Scraped caption text data:
/---
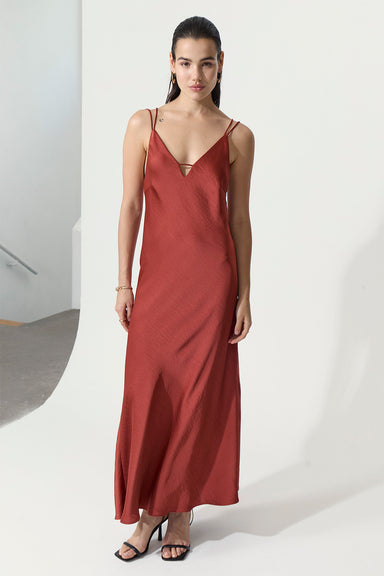 Deluc - Siena Dress - Reddish Brown - Front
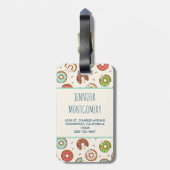 レトロスタイルかわいいカラフルドーナツ模様モノグラム ラゲッジタグ (裏面縦)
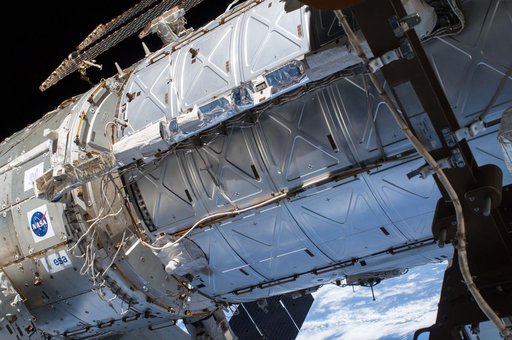 Exterior view of ISS during EVA 28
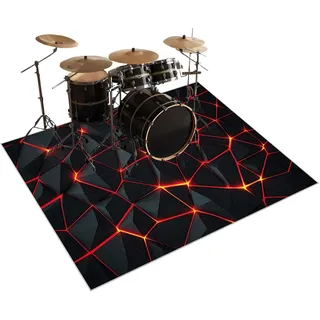 Qesjodfu Schlagzeug Teppich E Drum mit Schallschutz, Schlagzeugteppich Schallschutz rutschfeste Teppich Schalldämmend Antivibrationsmatte Drum Teppich Trommelmatten-Teppich Drumteppich 180 x 160 cm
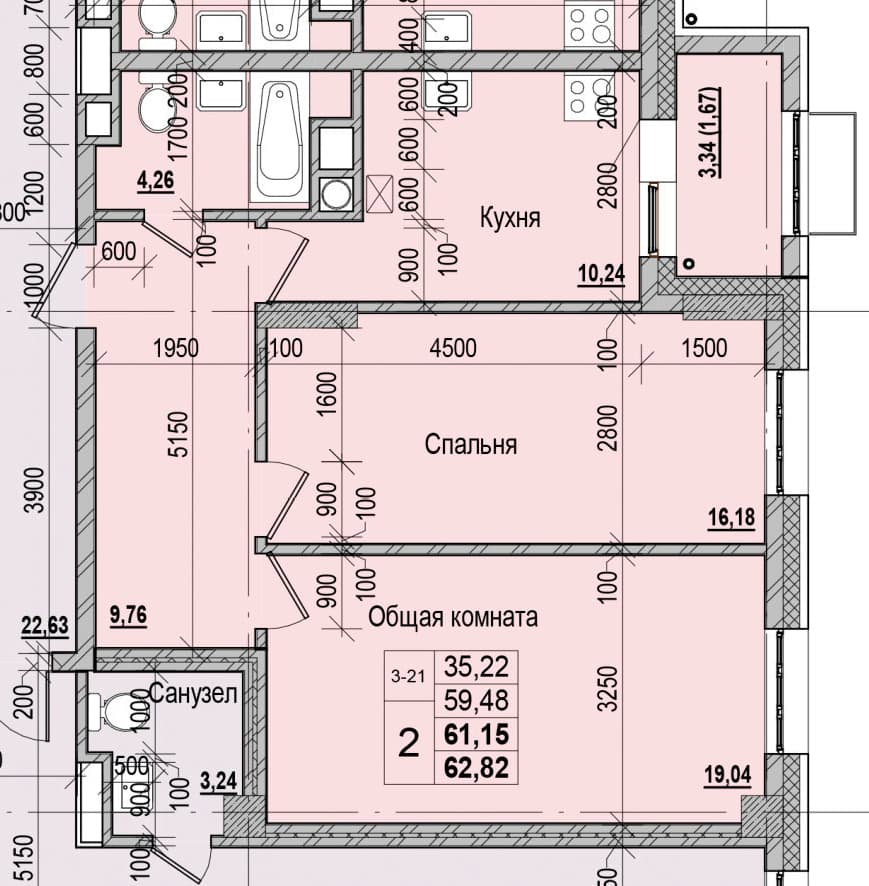 2 комн., 61.1 м²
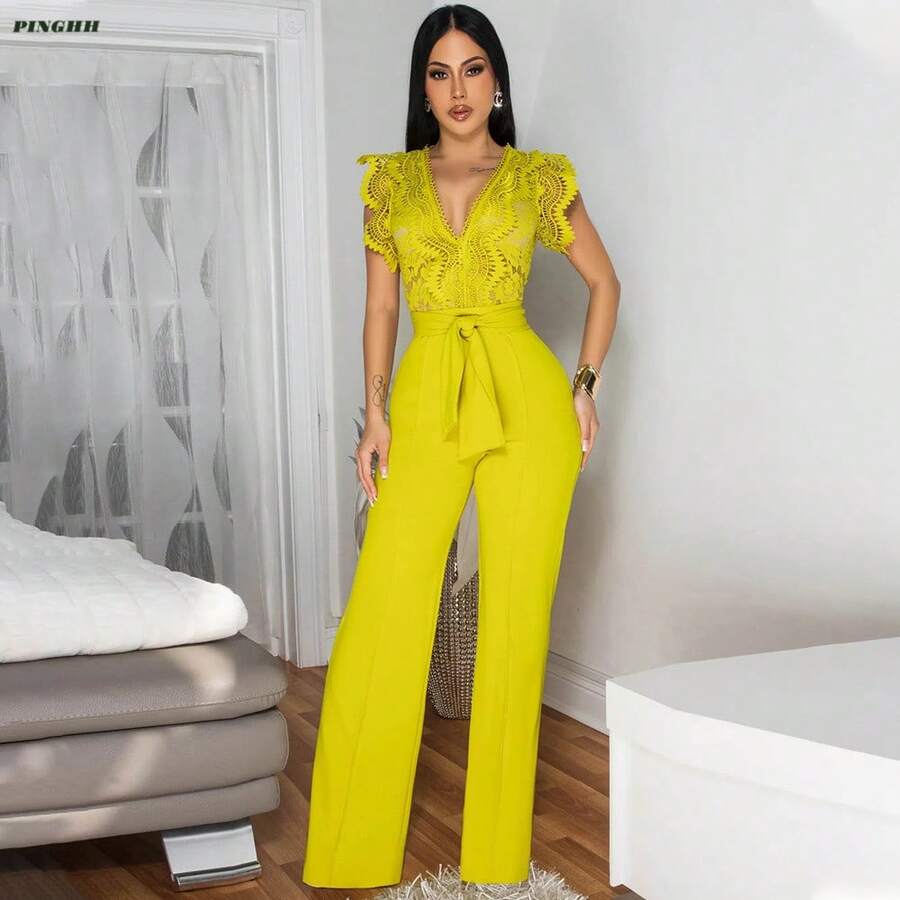 Women's Jumpsuit: Sexy V-Neck Sleeveless Solid Color - Tie-Waist Wide-Leg Pants - 黃色 - 查看 1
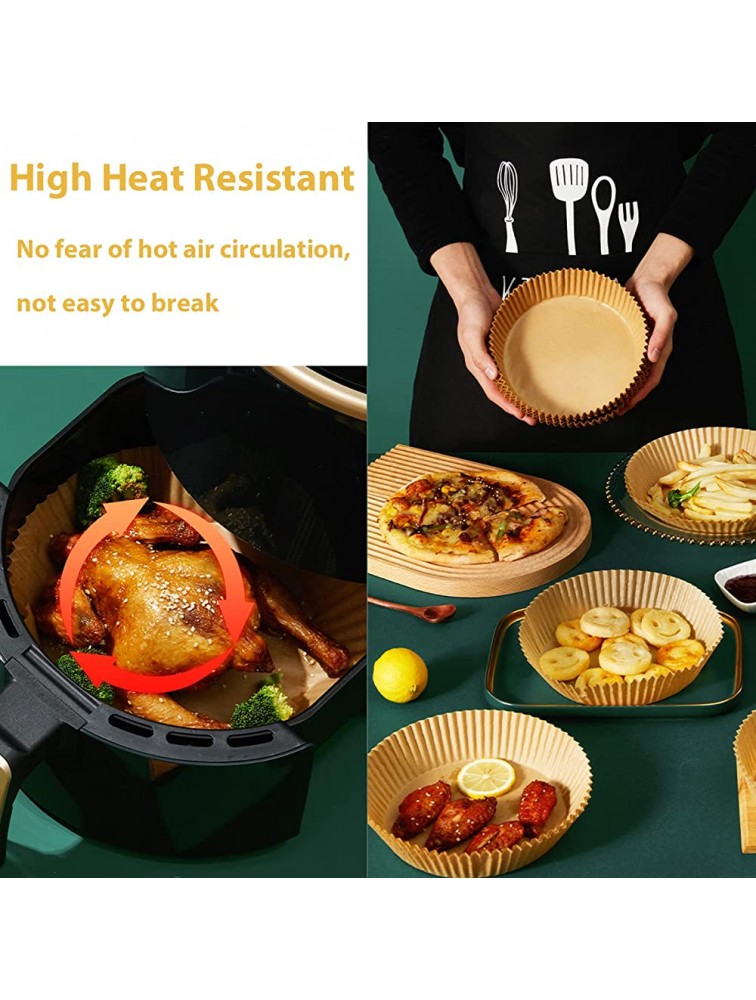 Air Fryer Disposable Paper Liner Food Grade Parchment Baking Paper 50 PCS Non-Stick Air Fryer Paper Liners Air Fryer Oil-proof and Water-proof for Air Fryer Baking Microwave Roasting 6.3in - BMNGLI7VK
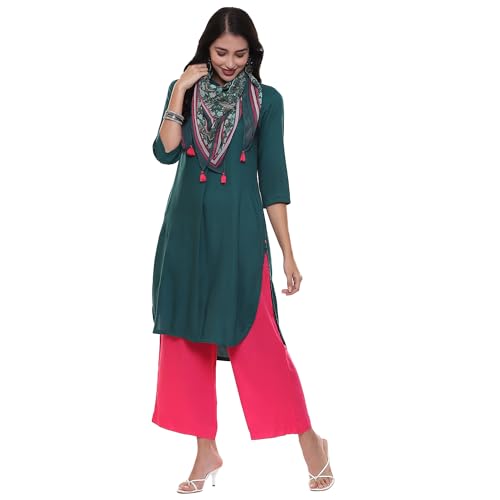 BIBA Women Solid Straight Rayon Suit Set (Green)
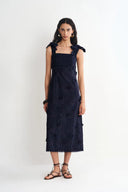 Elise 3D Flora Applique Dress in Eyelet Embroidered Cotton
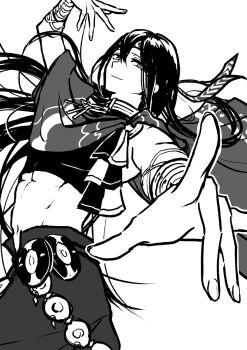 1boy crop_top dancer dancing fire_emblem fire_emblem_engage highres long_hair looking_at_viewer midriff misoshiru_utoma nintendo seadall_(fire_emblem) smile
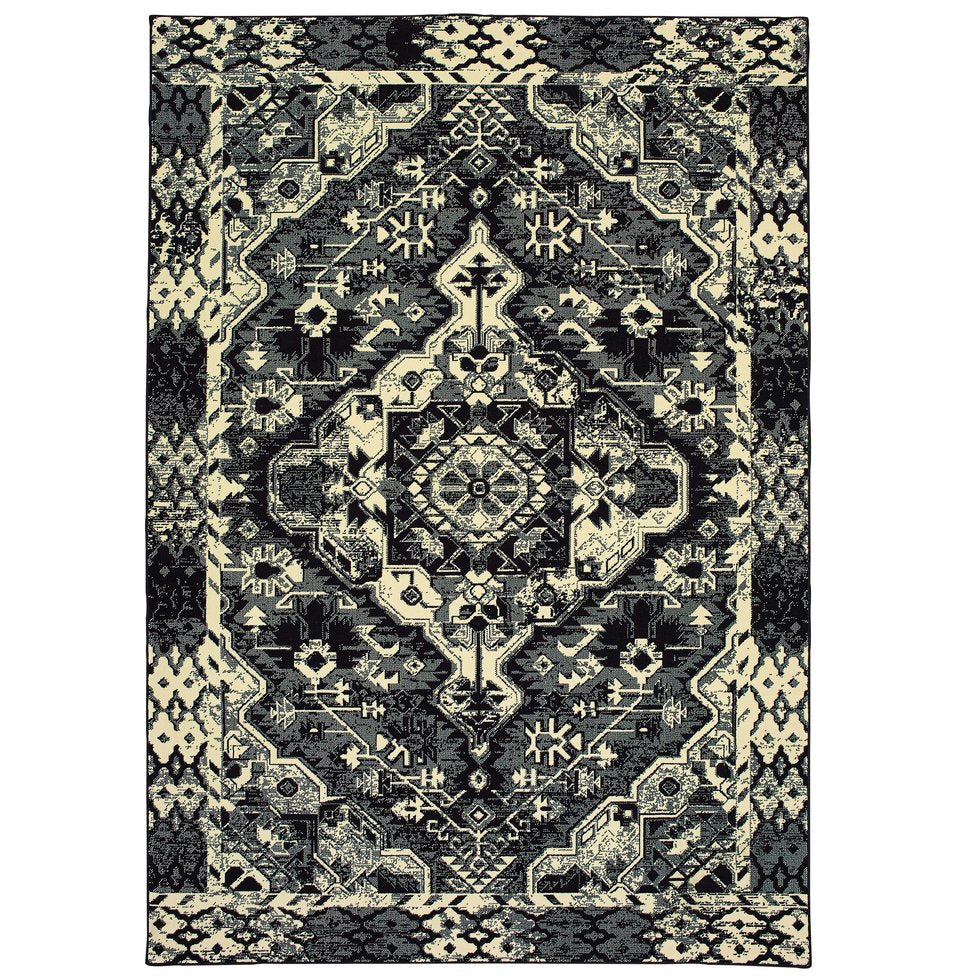 Oriental Weavers Luna Luxurious Indoor Area Rug - High Contrast Geometric Design For Modern Elegance And Comfort Black,Ivory Polypropylene L5603k160230st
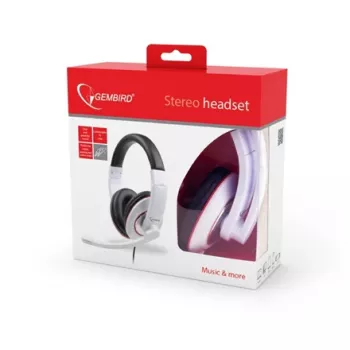 Peakomplekt Stereo WHITE/MHS-001-GW Gembird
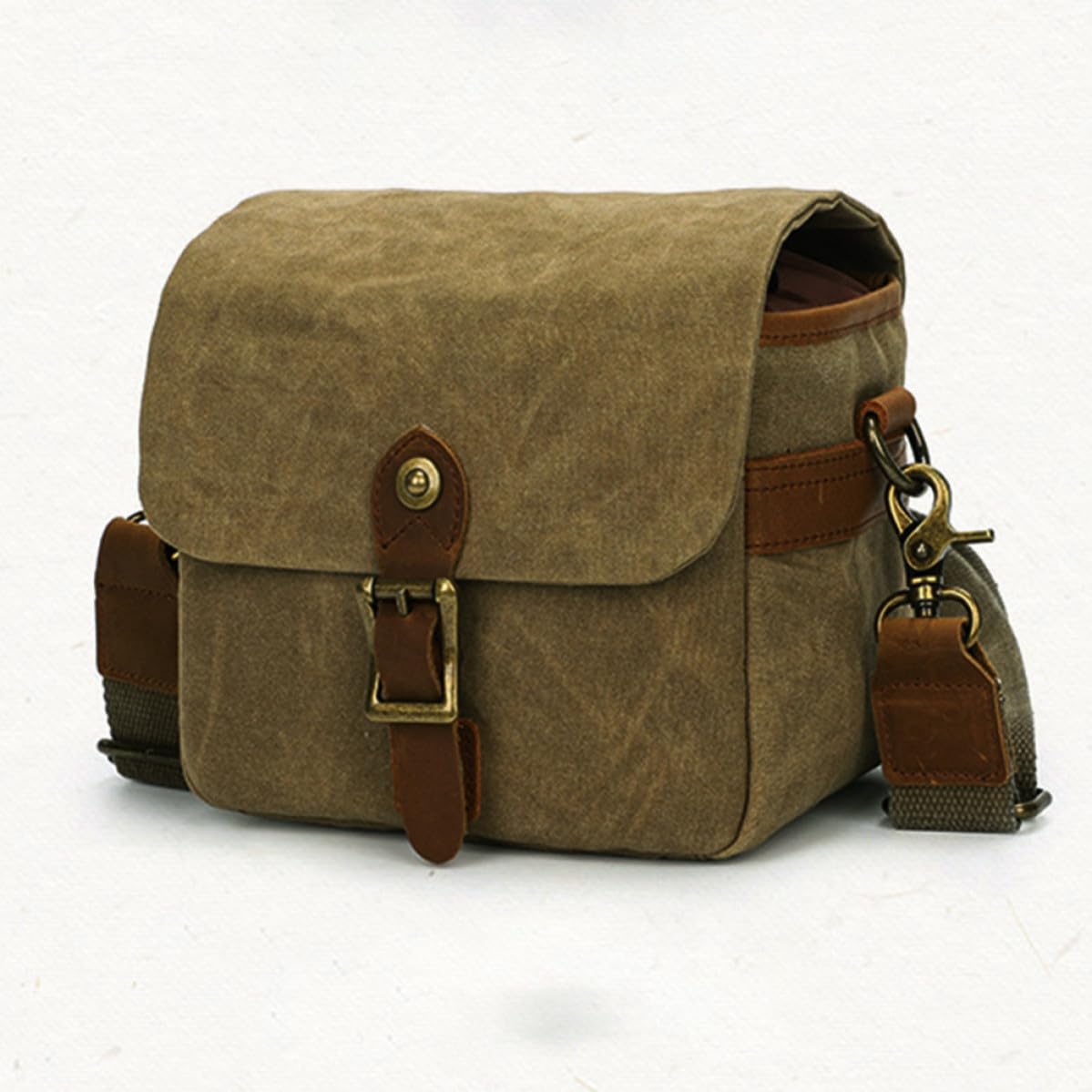 Bolsa para Cámara de Lona Caqui, Ligera y Portátil Cordón | Protección para Equipo Fotográfico, Formato de Viaje, Estilo Bandolera Asa Ajustable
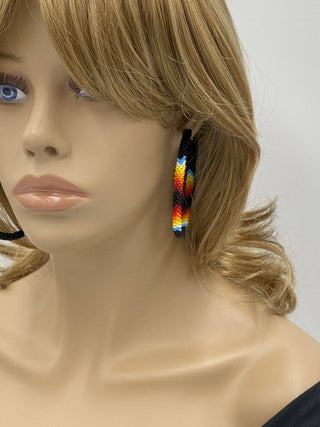 Black Fire Beaded Hoop Earrings, 3-Inch Czech Seed Beads, Native-Inspired Statement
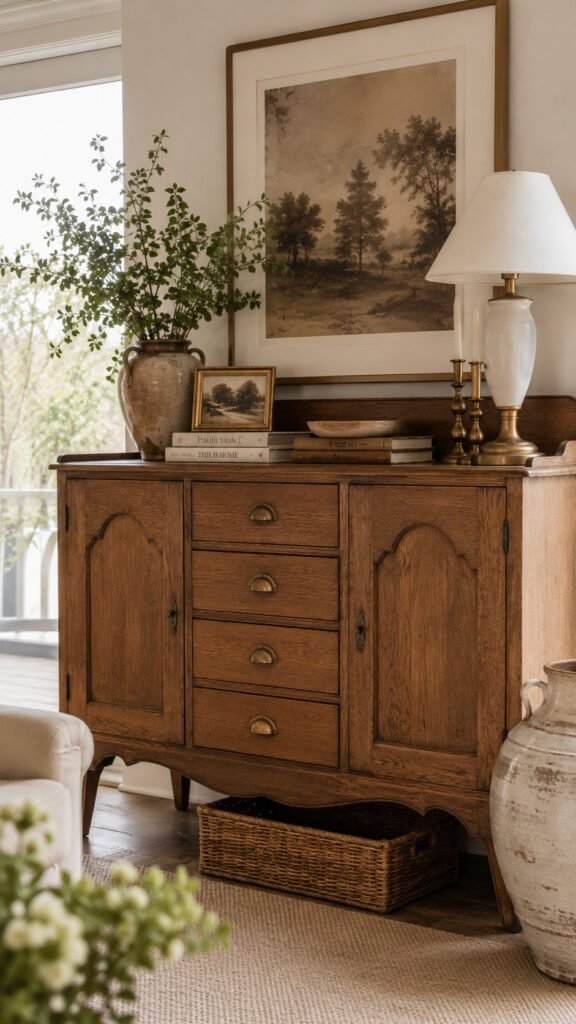 Cozy rustic living space vignette
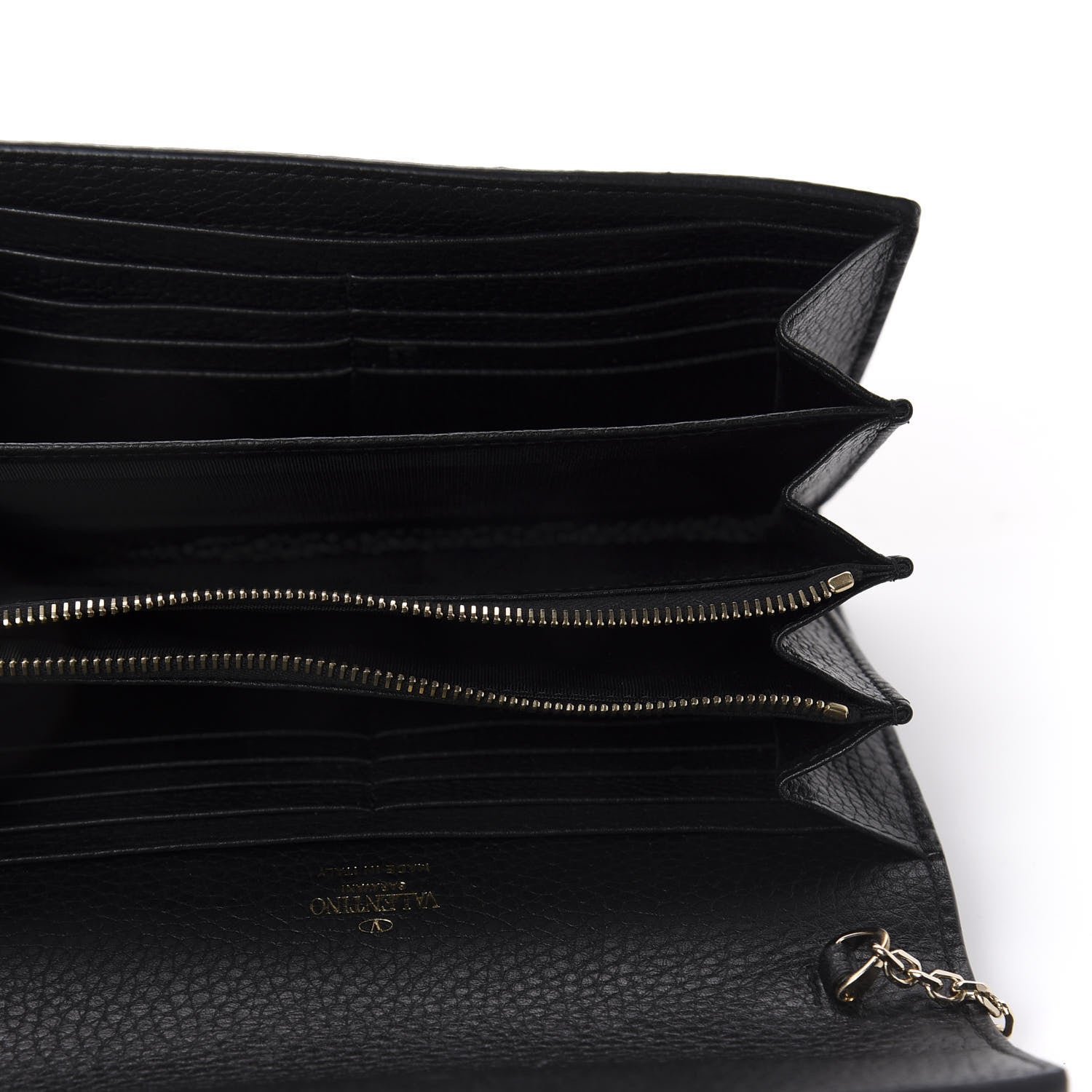 Valentino Garavani Pebbled Calfskin Rockstud Envelope Wallet on Chain Black 4 of 10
\---
The problem:
The required output is the exact run of lines from the start of the records through the line containing "2 комн., 61.1 м²", both ends included, with no pictures.

Answer space:
 Deluc - Siena Dress - Reddish Brown - Front
 レトロスタイルかわいいカラフルドーナツ模様モノグラム ラゲッジタグ (裏面縦)
 Exterior view of ISS during EVA 28
 Qesjodfu Schlagzeug Teppich E Drum mit Schallschutz, Schlagzeugteppich Schallschutz rutschfeste Teppich Schalldämmend Antivibrationsmatte Drum Teppich Trommelmatten-Teppich Drumteppich 180 x 160 cm
 2 комн., 61.1 м²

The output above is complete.